Investing is a game of probabilities, not certainties. That's why we always demand a margin of safety: paying a fair price protects against the unexpected and tilts the odds in our favor.

Management That Thinks Like an Owner

Even the best business can be mismanaged. We evaluate leadership on three things: unquestionable integrity, smart capital allocation, and meaningful skin in the game. When managers are owners too, incentives align — and shareholders win alongside them.

Integrity First. Capital Allocated Wisely.

Our Definition of Risk Is Different

Most investors equate risk with volatility. We don't. Price swings are uncomfortable — but discomfort isn't danger. Real risk is the permanent loss of capital. We structure every decision around minimizing that outcome.

Volatility Is Noise. Permanent Loss Is Risk.

Patience Is a Strategy

In a world obsessed with activity, we believe one of the most powerful investment decisions is often to do nothing. Great businesses compound quietly over time. Constant trading interrupts that process and introduces unnecessary cost and error.

We also believe in conviction-weighted concentration. True diversification doesn't require owning dozens of companies — it requires owning the right ones. Over-diversifying into mediocre businesses — what Charlie Munger called "diworsification" — destroys returns rather than protecting them.

Fewer, Better Businesses. More Time. Greater Wealth.

When to Hold Even When the Price Looks High

When a business becomes expensive, the instinct is to sell. But if the competitive moat is intact and the runway for growth remains long, selling can mean trading a great business for cash — and then struggling to find anything better. Sometimes the right answer is to stop watching the price and let compounding do its work.

Trust the Business, Not the Ticker.

We find that there tends to be two main types of investors.

We find that there tends to be two main types of investors.

In the first category, clients want a “smooth ride” with minimal volatility while enjoying most of the returns that market gives.

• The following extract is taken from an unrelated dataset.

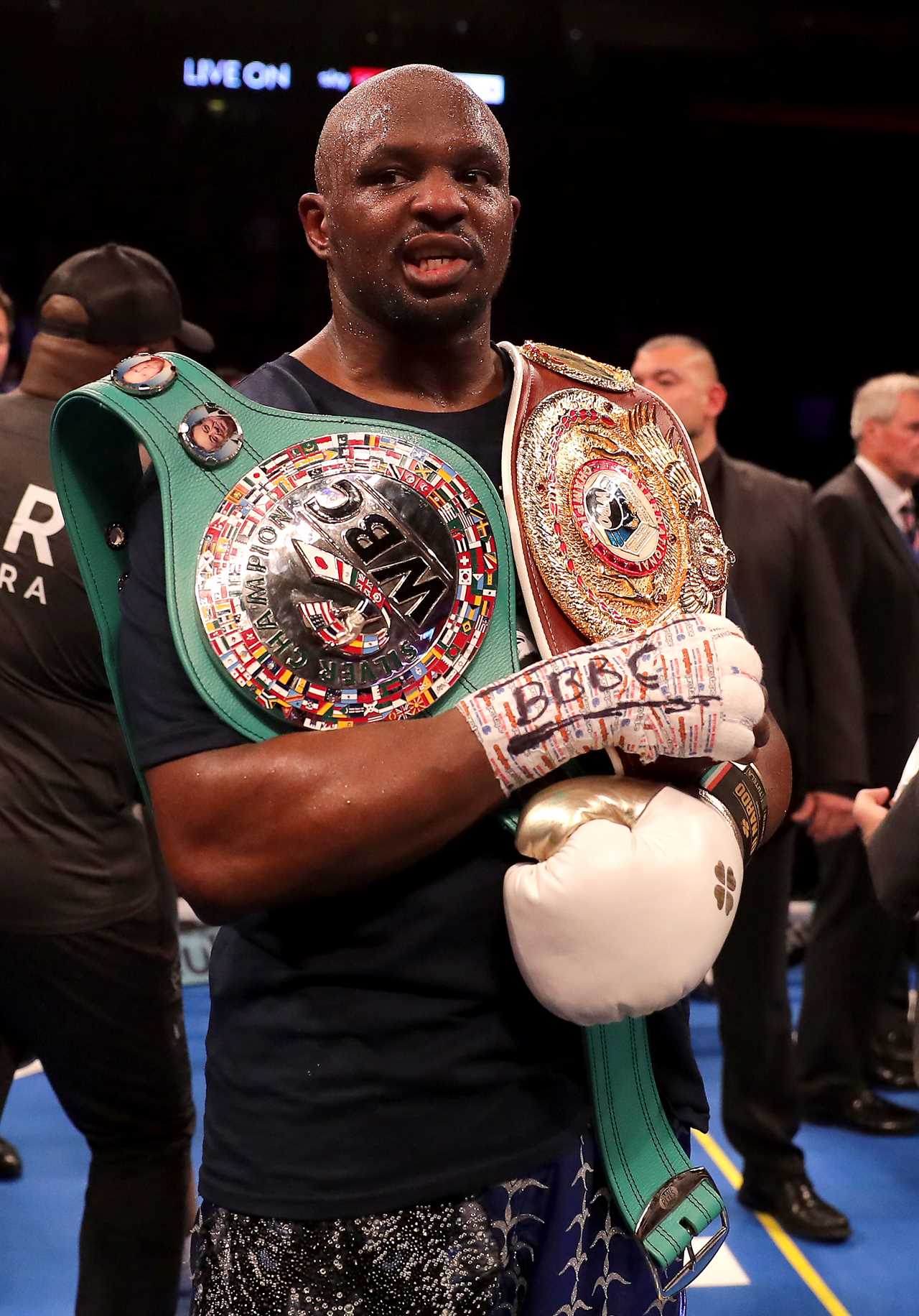 Tyson Fury will return to the UK in March against Dillian Whyte and Joe Joyce, following Deontay Wilder's mauling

These clients want fewer fluctuations because they are pulling money from their portfolio or possibly just because they know their stomach can’t tolerate a large drawdown.

Solution: We work to build out a very diversified portfolio that closely tracks the market at their desired level of risk.

The second category of clients come to us seeking to maximize their return. These clients have a longer time horizon and excess funds that they don’t need to access for a substantial period of time.

Solution: We invest in a concentrated portfolio of businesses based on the ideas below.

What Makes a Wonderful Business?

Jeff Bezos summarized the qualities to look for in companies in his 2014 Shareholder Letters. We have adopted those ideas and modified them slightly below. We look for companies with four defining qualities:

  1. Durable competitive advantages that generate high returns on invested capital (ROIC) — the kind that competitors can't easily copy or erode

  2. Products and services customers depend on — if it disappeared tomorrow, people would genuinely feel it

  3. Resilience over time — businesses built to withstand disruption, not fall victim to it

  4. A long runway for growth — companies that can reinvest their earnings at high rates for years to come

Strong Moats. Loyal Customers. Long Runways.